Chimeric antigen receptor CAR Technique-Creative Biolabs - YouTube
src: i.ytimg.com

Chimeric antigen receptor ( CAR , also known as chimeric immunoreceptors , synthetic T cell receptor or T cell receptors ) are engineered receptors that combine new specificity with immune cells to target cancer cells. Typically, these receptors transplant the specificity of monoclonal antibodies to T cells. Receptors are called chimeric because they coalesce part of different sources. CAR-T cells are a new type of treatment that uses altered living cells.

The basic principle of CAR-T cell design involves recombinant receptors that combine antigen-binding functions and T-cell activation functions. The general premise of CAR-T cells is to artificially produce T cells targeted at markers found in cancer cells. Scientists can remove T-cells from a person, genetically alter them, and return them to patients to attack cancer cells. After T cells have been engineered to become CAR-T cells, it acts as a "living medicine". The CAR-T cell makes the connection between the extracellular ligand recognition domain and the intracellular signal molecule which in turn activates T cells. The dominance of extracellular ligand recognition is usually a single-chain variable fragment (scFv). The question that often arises about the safety of this treatment is how do you ensure that only targeted cancer cells are cancerous and not normal cells? The specificity and safety of CAR-T cells is determined by the choice of targeted molecules.

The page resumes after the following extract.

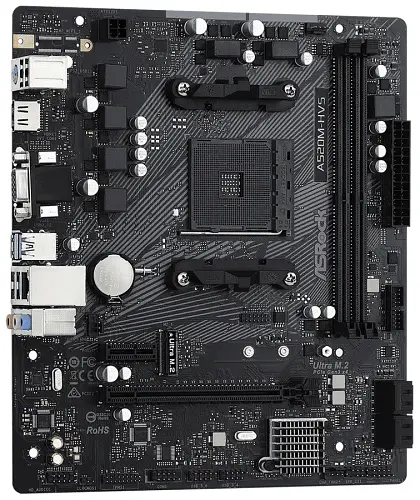 Мат.плата AM4 (A520) ASRock A520M-HVS, A520, 2xDDR4, Int.Video(CPU), 4xSATA3, 1xM.2, 1xPCI-E 16x 3.0, 1xPCI-E 1x 3.0, ALC887, RTL8111H, 6xUSB3.2/6xUSB2.0, VGA/HDMI, MicroATX - фото 3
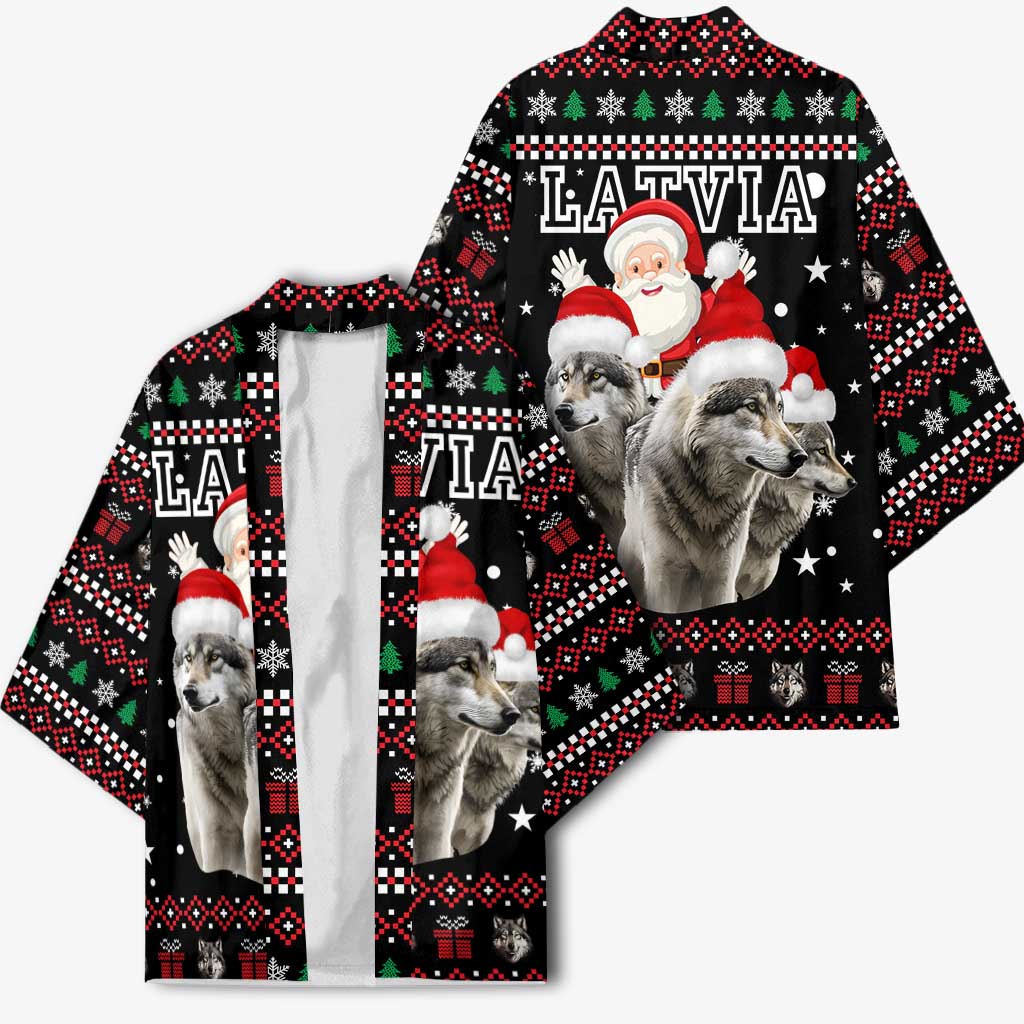 Latvia Christmas Kimono with Santa Claus and Wolves in Holiday Pattern Design - Wonder Print Shop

CAR-Ts can be derived from the patient's own blood (autolog) or from any other healthy donor (allogenic). These T-cells are genetically engineered to express artificial T cell receptors, through which they are targeted for disease-related antigens. This process is independent MHC and thus the targeting efficiency is greatly improved. These CAR-T cells are programmed to target the antigen present in the tumor surface. When they come into contact with the antigen in the tumor, CAR-T cells are activated through the signal peptide, proliferating and becoming cytotoxic. They do all this independently of the major histocompatibility complex (MHC). CAR-T cells destroy cancer cells through mechanisms such as extensive cell stimulated proliferation, increasing the degree to which cells are toxic to other living cells cytotoxicity, and by causing increased production of secreted factors from cells in immunity. systems that affect other cells in the organism. These factors are called cytokines and include interleukins, interferons, and growth factors.

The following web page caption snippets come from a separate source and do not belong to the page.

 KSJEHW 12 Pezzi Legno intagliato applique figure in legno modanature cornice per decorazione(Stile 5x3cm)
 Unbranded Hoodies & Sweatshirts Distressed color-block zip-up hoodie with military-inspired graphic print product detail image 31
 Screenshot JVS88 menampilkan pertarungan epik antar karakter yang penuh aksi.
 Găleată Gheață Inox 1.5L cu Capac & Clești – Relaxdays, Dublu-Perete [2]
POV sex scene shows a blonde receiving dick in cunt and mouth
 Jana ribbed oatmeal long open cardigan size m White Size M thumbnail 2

CAR-T cells were developed to be specific to the antigen expressed on tumors that are not expressed in healthy cells. CD19 is expressed on B-cells throughout its development and as a result, CD19 is also expressed in almost all B-cell malignancies. In addition, CD19 is expressed only in line B-cells and not in bloodlines or other tissues. This malignancy includes forms of cancer such as acute lymphoblastic leukemia (ALL), chronic lymphoblastic leukemia (CLL), and various forms of Hodgkin's lymphoma.

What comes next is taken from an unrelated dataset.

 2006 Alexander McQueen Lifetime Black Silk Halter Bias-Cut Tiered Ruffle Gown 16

Video Chimeric antigen receptor



Use in cancer

An adoptive transfer of T cells that express chimeric antigen receptor is a promising anti-cancer therapy because MO modified T cells can be engineered to target virtually any tumor-related antigen. There is great potential for this approach to improve patient-specific cancer therapy in a profound way. After the collection of patient T cells, cells are genetically engineered to express CARs that are specifically directed to the antigen of the patient's tumor cells, then infused back into the patient.

Get started

The first step in the introduction of CAR-T cells into the patient's body is the removal of the active leukocytes from the blood in a process known as leukocyte aphesi. Leucocytes are removed using blood cell separators. The autologous peripheral blood mononuclear cells (PBMC) are then separated and collected from the buffy layer formed. The leukocyte apheresis products are then transferred to the cell-processing center. At the cell-processing center, certain T cells are activated in certain environments where they can actively proliferate. The cells are activated using a type of cytokine called interleukin, specifically Inter-Leukin 2 (IL-2) as well as anti-CD3 antibodies.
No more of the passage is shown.